I could argue we had enough time to circumnavigate the entire intersection, twice, before those cars arrived.

We didn’t.

We waited.

The cars approached from the distance, slowly. Over what felt like hours, father and son watched the cars come. Sitting in the back seat, I watched the two of them, in wonder at what was taking place.

I suppressed a grin, as I did not want to break the silent, solemn agreement happening in the front. We had to wait for oncoming traffic to pass. We just had to wait for it to pass. Even if it wasn’t going to pass until tomorrow. We were going to wait.

The first passed.

A while later, so did the second.

The third and final car - I am pretty sure the only car within miles at that point - passed through the intersection. We finally took our left turn.

I’ve laughed about this a few times since. I’ve also begun to appreciate it more and to realize I could learn from it. We were in this peaceful, verdant place. We had no obligations and no needs. Why should we hurry? What was that going to do for us? And why should we take a risk - even a tiny one - when we didn’t need to?

It also made me realize that sometimes - many times - we have to move on. We leave the place we love because, in the end, our potential takes us elsewhere.

But moving on doesn’t necessarily mean leaving behind. Moving on can mean bringing with. So while we can’t physically be in two places at once, we can, and almost always do, bring with us where we are from.

The day we left - driving from Ingatorp to Bovallstrand on the West Coast - we stopped at the church where our friends had been married.

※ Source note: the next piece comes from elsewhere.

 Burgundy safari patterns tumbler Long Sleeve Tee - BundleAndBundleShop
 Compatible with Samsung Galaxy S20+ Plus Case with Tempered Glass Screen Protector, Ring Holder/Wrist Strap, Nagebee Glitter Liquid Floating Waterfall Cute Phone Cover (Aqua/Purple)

Modern Sweden is a very secular country, but the church still has a role to fill. It is still a part of and reflects its community.

The church at Ingatorp reflects its community well. Both have been around for centuries. Current generations don’t see or depend on them the same way their ancestors had - many leaving for more opportunity elsewhere - but they respect them just the same.

Like its church, Ingatorp could be said to be a bit old fashioned. Also like its church, it is very well maintained. It is welcoming. It is lovely.

And it is beautifully, peacefully, blissfully quiet.